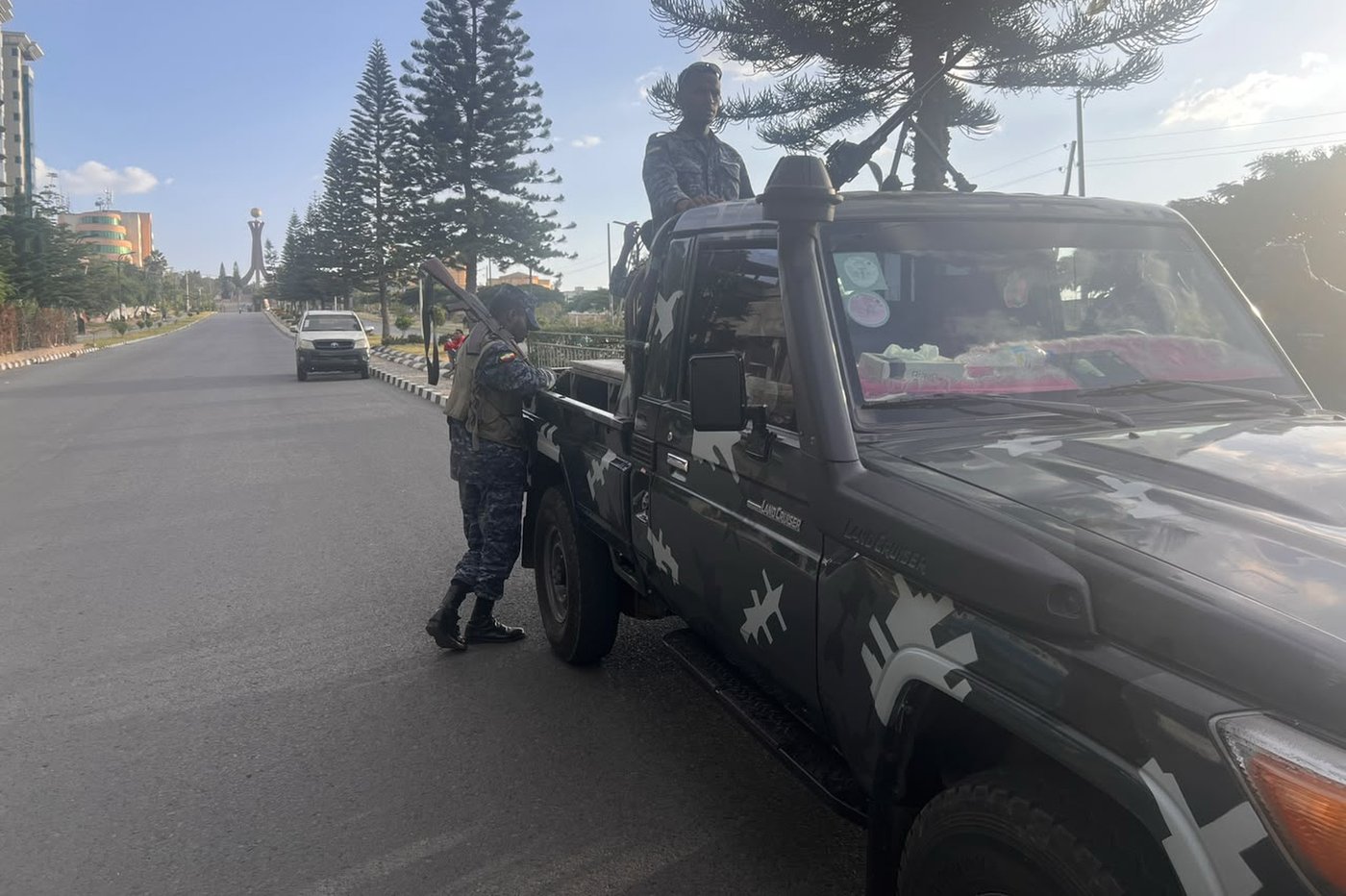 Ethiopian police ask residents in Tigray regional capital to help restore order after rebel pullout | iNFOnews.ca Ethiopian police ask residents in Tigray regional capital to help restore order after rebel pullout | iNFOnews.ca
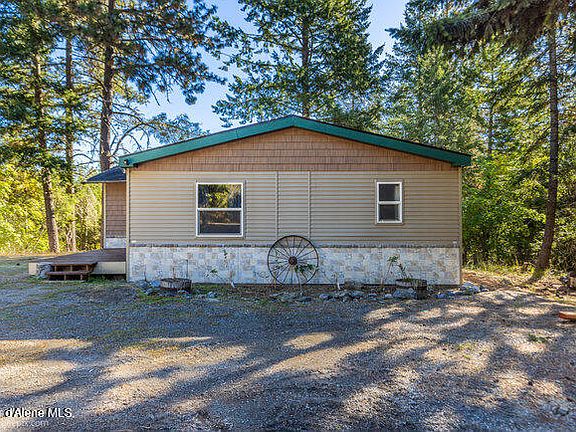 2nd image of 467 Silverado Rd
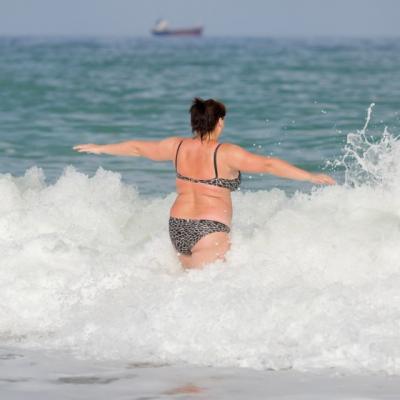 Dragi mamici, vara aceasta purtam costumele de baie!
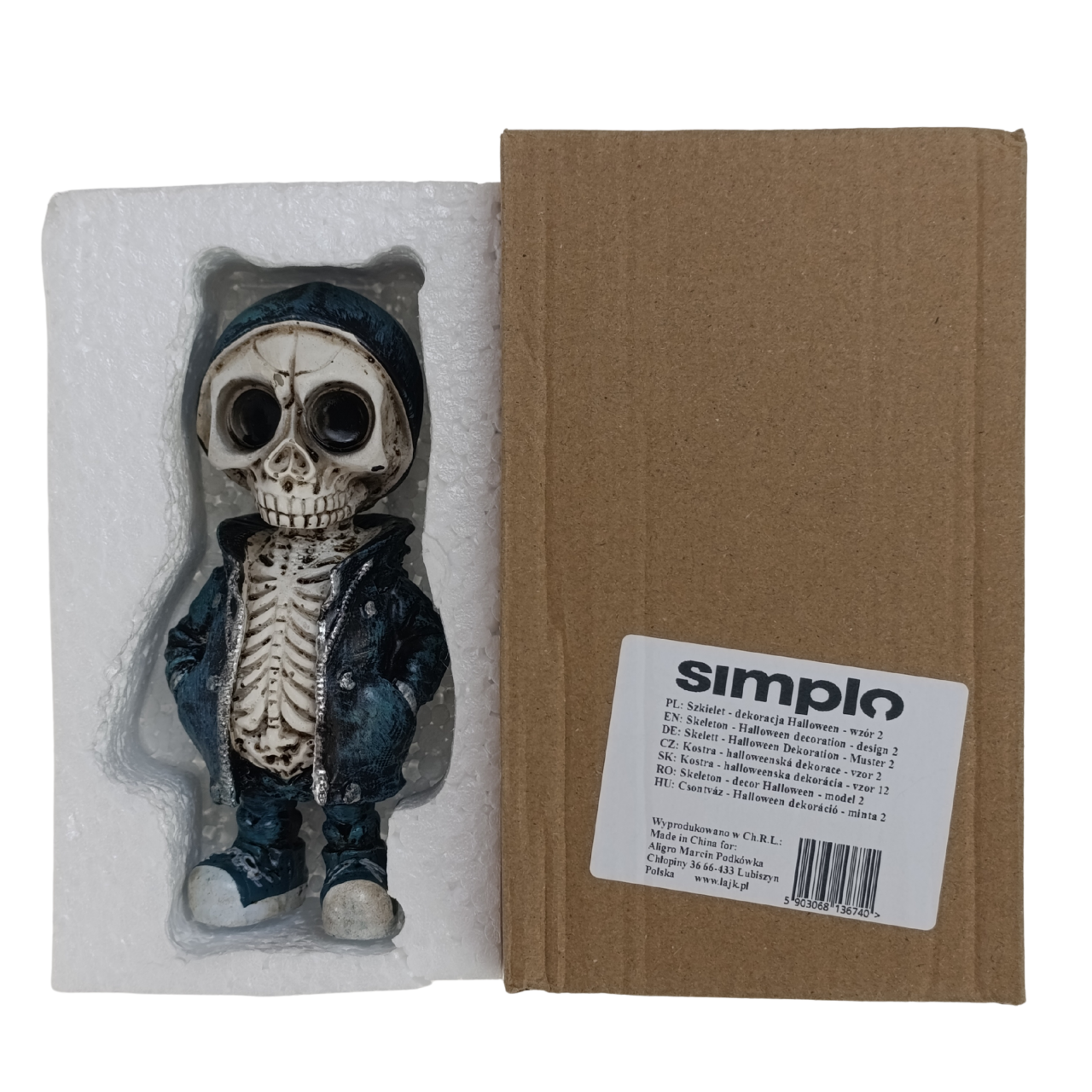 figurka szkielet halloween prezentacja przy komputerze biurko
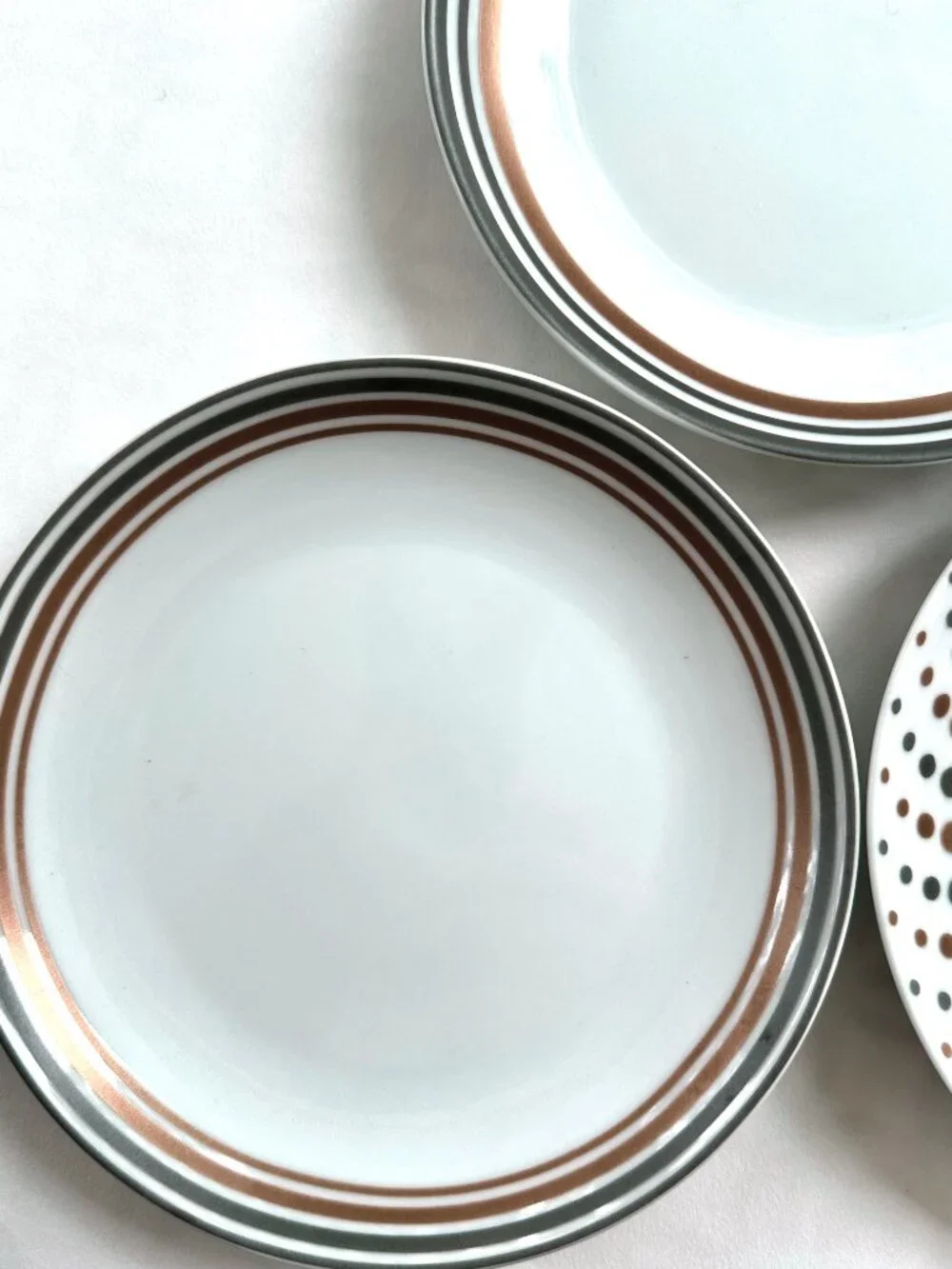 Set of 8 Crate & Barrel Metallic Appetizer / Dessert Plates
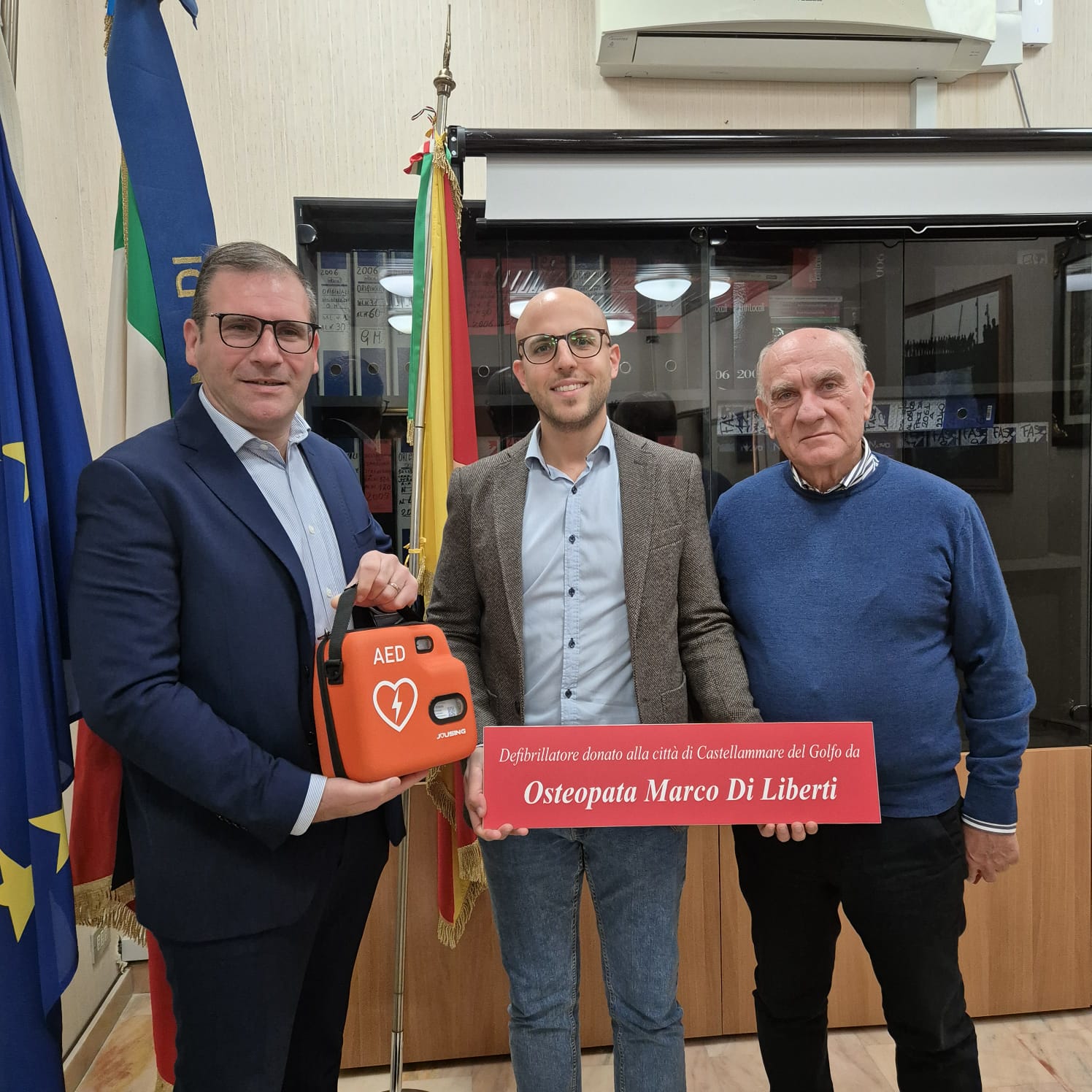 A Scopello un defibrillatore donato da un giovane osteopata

|---|

- **WORK INSTRUCTION**:
Starting with the line containing "Dragi mamici, vara" and ending with the last line of the records above, write out each line exactly; no pictures.

- **REPLY**:
 Dragi mamici, vara aceasta purtam costumele de baie!
 figurka szkielet halloween prezentacja przy komputerze biurko
 Set of 8 Crate & Barrel Metallic Appetizer / Dessert Plates
 A Scopello un defibrillatore donato da un giovane osteopata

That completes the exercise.